JULIE HYMAN: Well, but don't they have some influence on the demand side though, Rob?

ROB ARNOTT: They do. That's the problem. To everyone with a hammer, everything looks like a nail. And so if your hammer is an ability to crush demand, which the Fed has the power to do, then that's the tool you're going to use. But what about the supply side? What about finding ways to promote increased supply of goods and services?

We have supply chain disruptions. We have the war in Ukraine. We have blowout spending. And all of these things have created a supply-demand imbalance. And the Fed has one tool, the ability to crush demand.

That's in the face of inflation that is not transitory, that is not poised to recede any time soon. In fact, I think it's very high odds that we'll finish the year materially higher in inflation than the 9% we have now.

JULIE HYMAN: So do you think then that the Fed should not be raising rates?
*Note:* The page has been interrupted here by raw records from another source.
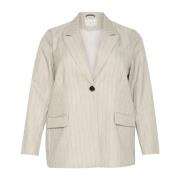 Kaffe Curve Grå Pinstripe Blazer Jacka Beige, Dam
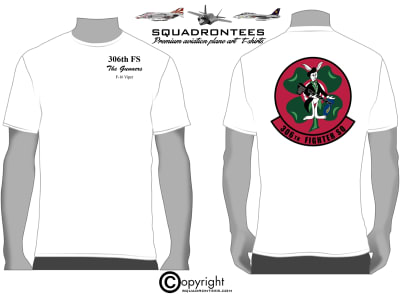 306th FS The Gunners Logo Back Squadron T-Shirt, USAF Licensed Product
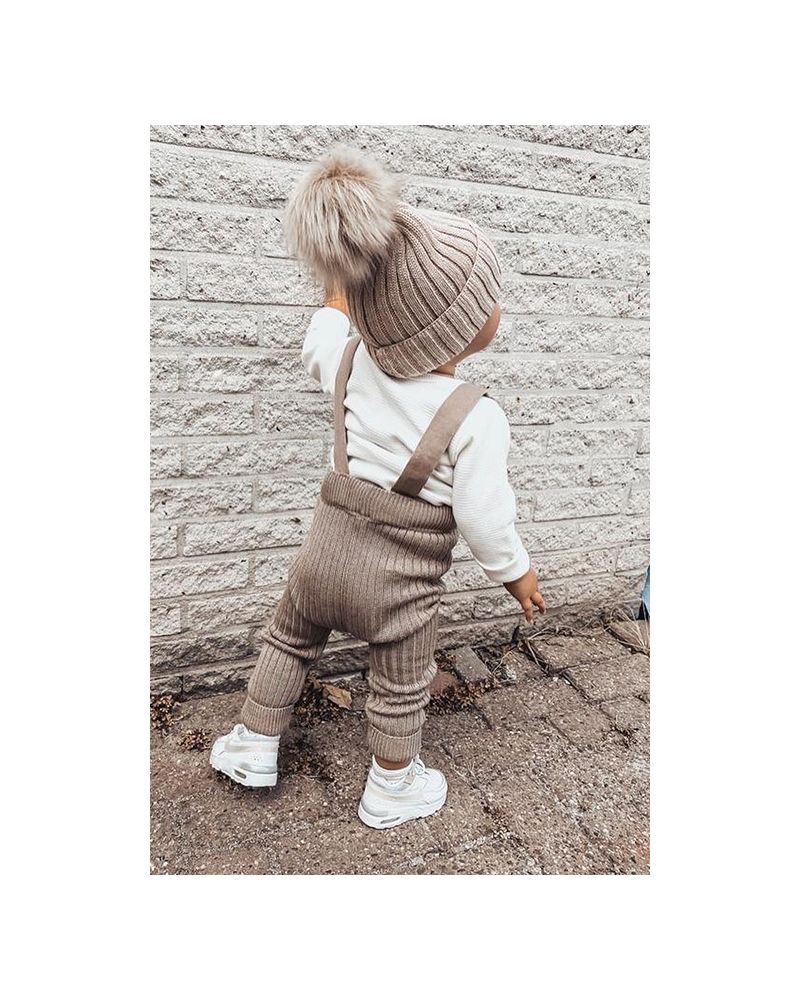 salopette sans manche bébé taupe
ROB ARNOTT: I think the Fed should feel free to raise rates up to wherever the long yield is but certainly no higher than that. And I think this is a Fed that believes it has a hammer and believes that it must use that hammer, that it must crush demand.

Again, supply and demand control prices. If you work to alleviate the supply challenges, reduce regulations, reduce impediments to businesses producing the goods and services that people want, all of these things can be done in order to rein in inflation.

But this is not transitory. The inflation that we're seeing is likely to remain elevated at least through next year, perhaps into '24, in the high single digits for a goodly time to stay.

BRIAN SOZZI: Good to see you, as always, Research Affiliates founder and chairman of the board, Rob Arnott. Great to see you. We'll talk to you soon.